Theorem of Green, theorem of Gauss and theorem of Stokes

We will follow the procedure:

• First we must calculate the parametrization of the surface.

$\sigma(x,y)=\Big(x,y,\dfrac{x^2+y^2}{2}\Big)$, as $z\leq2$, we have that $x^2+y^2 \leq 4$, $(x,y)$ take values inside a circle with radius $2$.

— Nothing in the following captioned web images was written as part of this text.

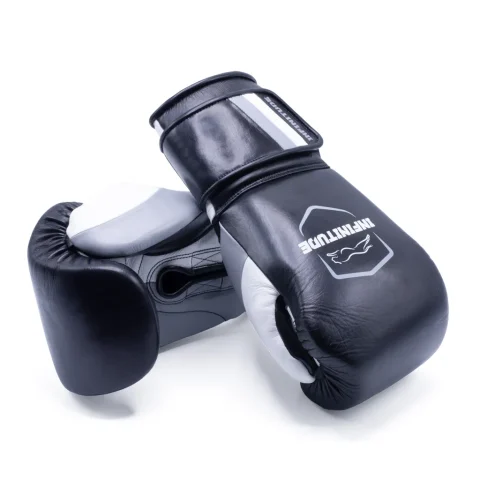 Raider Pro Boxing Gloves | Black & Gray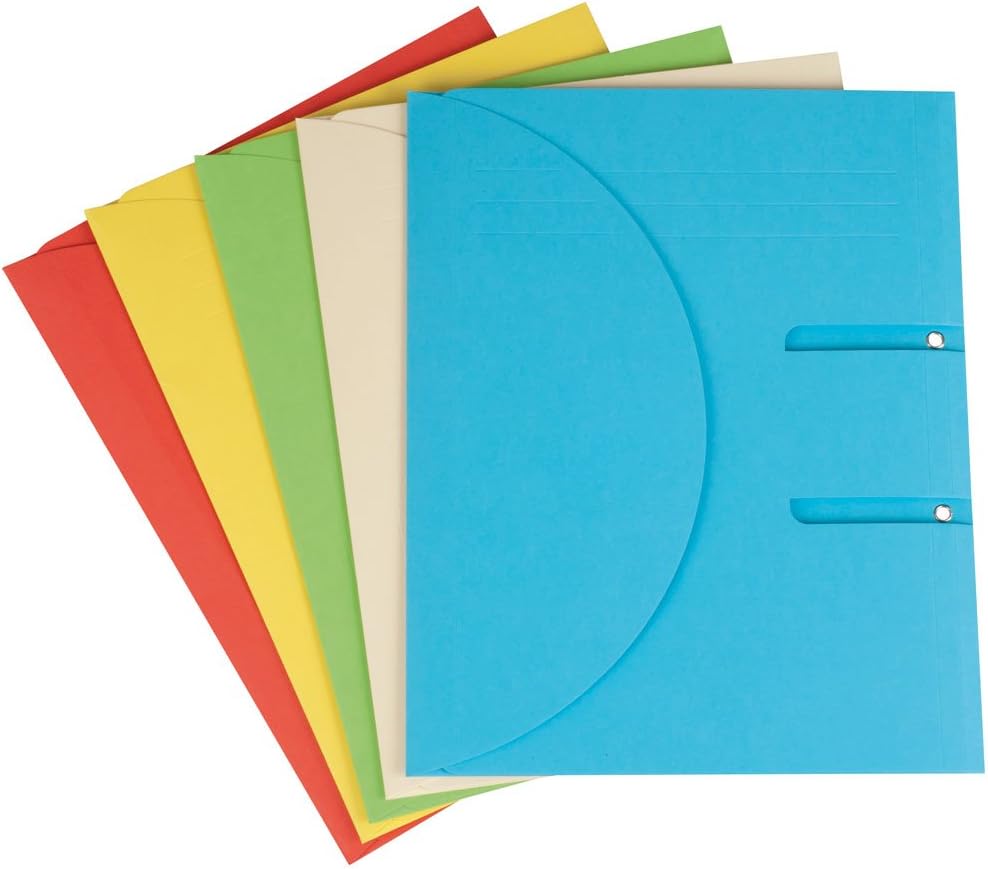 Elco Ordo Collecto A4 250x315mm Expanding Folders for A4 Ring Binders - Multicoloured (Pack of 10)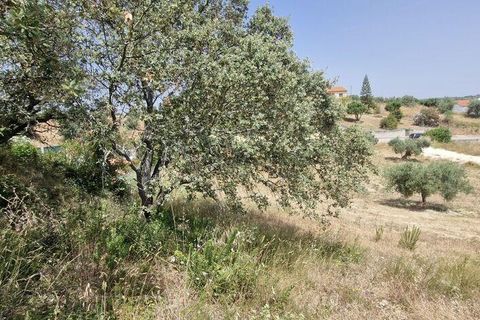 Helårsgrund i Rio Maior, Santarem, Rio Maior - € 66.000 | Ref: 145157 - foto 20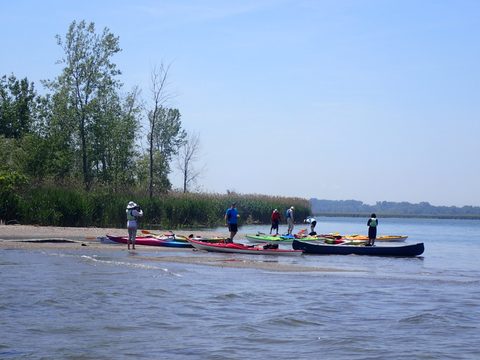 Photo from Kayaking under the June New Moon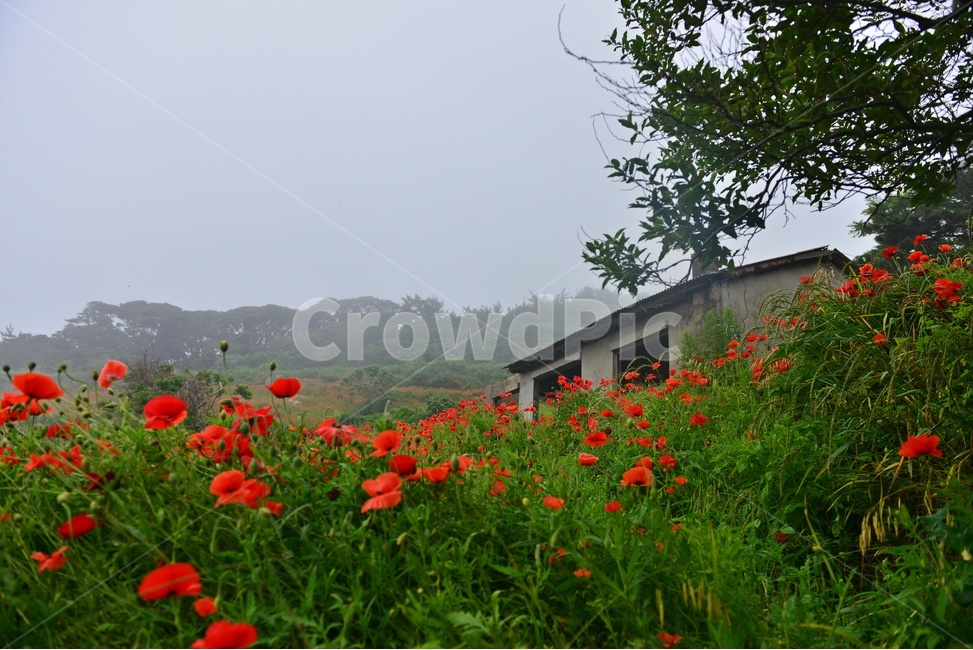 경남,통영,소매물도,해변,해안,landscape,경치,nature,자연,outdoors,옥외,scenery,풍경,꽃양귀비,폐가,창고,안개,해무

On the other hand, the curve $C$ is the circumference in $z=2$, with radius $2$, as is shown in the picture, and its parametrization will be $$\gamma(t)=(2\cdot\cos(t),2\cdot\sin(t),2), \mbox{ for } t\in[0,2\pi]$$

• We calculate $$rot(F)=\Big(\dfrac{d}{dy}F_3-\dfrac{d}{dz}F_2,\dfrac{d}{dz}F_1-\dfrac{d}{dx}F_3,\dfrac{d}{dx}F_2-\dfrac{d}{dy}F_2\Big)=$$ $$=(z^2+x,0-0,-z-3)$$

• We calculate now using our knowledge on vector analysis, $$\int_S rot(F)dS=\int_S rot(F(\sigma(x,y)))dS=$$ $$=\int_S \Big(\Big( \dfrac{x^2+y^2}{2}\Big)^2+x,0,-\dfrac{x^2+y^2}{2}-3\Big)\cdot(T_x \times T_y) \ dxdy$$ Where $Tx = (1,0, x), Ty = (0,1, y)$, and therefore, $T_x \times T_y = (-x, - y, 1)$. Then: $$\int_S rot(F)dS=-\int_S \Big(\Big( \dfrac{x^2+y^2}{2}\Big)^2\cdot x+x^2+\dfrac{x^2+y^2}{2}+3\Big) \ dxdy=$$ $$=\lbrace\mbox{Change to polar coordinates } (|J|=r)\rbrace=$$ $$=-\int_0^2\int_0^{2\pi}\Big(\dfrac{r^5}{4}\cdot\cos(t)+r^2\cdot\cos^2(t)+\dfrac{r^2}{2}+3\Big)\cdot r\cdot dtdr=$$ $$=\lbrace\mbox{ we use that } \cos^2(t)=\dfrac{1+\cos(2t)}{2}\rbrace=$$ $$-\int_0^2\int_0^{2\pi}\Big(\dfrac{r^6}{4}\cdot\cos(t)+r^3\cdot\dfrac{1+\cos(2t)}{2}+\dfrac{r^3}{2}+3r\Big)dtdr=$$ $$=\lbrace \mbox{the integral of the cosine between } 0 \mbox{ and } 2\pi \mbox{ is zero}\rbrace=$$ $$=-2\cdot\Big[\dfrac{r^4}{8}\Big]_0^2\cdot[t]_0^{2\pi}-3\Big[\dfrac{r^2}{2}\Big]_0^2\cdot[t]_0^{2\pi}=-20\pi$$

We now calculate the integral using the parametrization of the curve $C$: $\gamma(t)=(2\cdot\cos(t),2\cdot\sin(t),2), \mbox{ for } t\in[0,2\pi]$

$$\int_C F\cdot dL=\int_0^{2\pi} F(\gamma(t))\cdot \gamma'(t)dt=\int_0^{2\pi} (6\sin(t),-4\cos(t),8\sin(t))\cdot(-2\sin(t),2\cos(t),0)dt=$$ $$-4\int_0^{2\pi}(3\sin^2(t)+2\cos^2(t))dt=\left\{\begin{array}{c} 2\sin^2(t)+2\cos^2(t)=2 \\ \sin^2(t)=\dfrac{1-\cos(2t)}{2} \end{array}\right\}=$$ $$=-4\int_0^{2\pi} \Big(2+\dfrac{1-\cos(2t)}{2}\Big)dt=-8\cdot2\pi-4\cdot\dfrac{1}{2}\cdot2\pi=-20\pi$$ and therefore the Stokes theorem is satisfied.